The relief of Germany was approximated by 21 quantitative and one categorical predictor. The quantitative predictors mostly relate to water movement and erosion processes, which are known to affect particle sorting (75). Elevation and slope influence the erosion intensity; different landforms control how surface water and eroded soil material move over the landscape and where they accumulate (10). The catchment area allows identifying areas with high surface and subsurface runoff, while the SAGA topographic wetness index allows identifying areas with high soil moisture (76). They are expected to relate to lateral and vertical transport processes. Additionally, overland flow distances to the seas and the main rivers were calculated, since most rivers no longer follow their natural topographical streambeds.
The quantitative predictors were derived from the remotely sensed and quality-checked EU-DEM [(77) © (62)]. The EU-DEM is offered in 25 m resolution. It is visualized in Figure 1A. We pre-processed the EU-DEM to obtain reliable hydrology related relief predictors (catchment areas, wetness index, flow distances): sinks of more than 1 m depth were filled using the spatial analyst extension in ArcGIS (78), the main rivers were burnt into the DEM using the SAGA GIS (73) preprocessing library (74). We extracted the main rivers from the CCM river and catchment database [© (63, 79)]. They are visualized in Figure 1A. Except for the overland flow distances, the quantitative relief predictors were calculated by applying morphometry and hydrology terrain analysis tools of the SAGA GIS (73) software (74). Aspect, slope, and terrain surface convexity were calculated with three search radii (2, 4, and 8 km) to capture processes on different scales. The circular variable aspect was split into North/South and East/West direction. Overland flow distances to the center of the main rivers were calculated by applying the D-Infinity method from the spatial analyst extension in ArcGIS (78).

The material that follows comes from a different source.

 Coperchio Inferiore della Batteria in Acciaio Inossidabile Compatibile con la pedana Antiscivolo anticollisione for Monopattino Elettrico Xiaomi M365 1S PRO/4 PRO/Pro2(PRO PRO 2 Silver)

The only relief related categorical predictor is the geomorphic map of Germany (GMK) (64). The original map distinguishes 25 landform classes that belong to five categories (Figure 1B): sink areas (category 1), the North German lowland (category 2), the Alpine foothills (category 3), the highland (category 4), and the Alps (not represented).
The X and Y coordinates were added to the predictor dataset to represent the spatial position. Adding them early in the iterative process, allows the tree models to distinguish the influence of different predictors depending on the spatial position. For example, it can be assumed that the topographic predictors play a more important role in southern Germany than in the comparatively flat northern Germany.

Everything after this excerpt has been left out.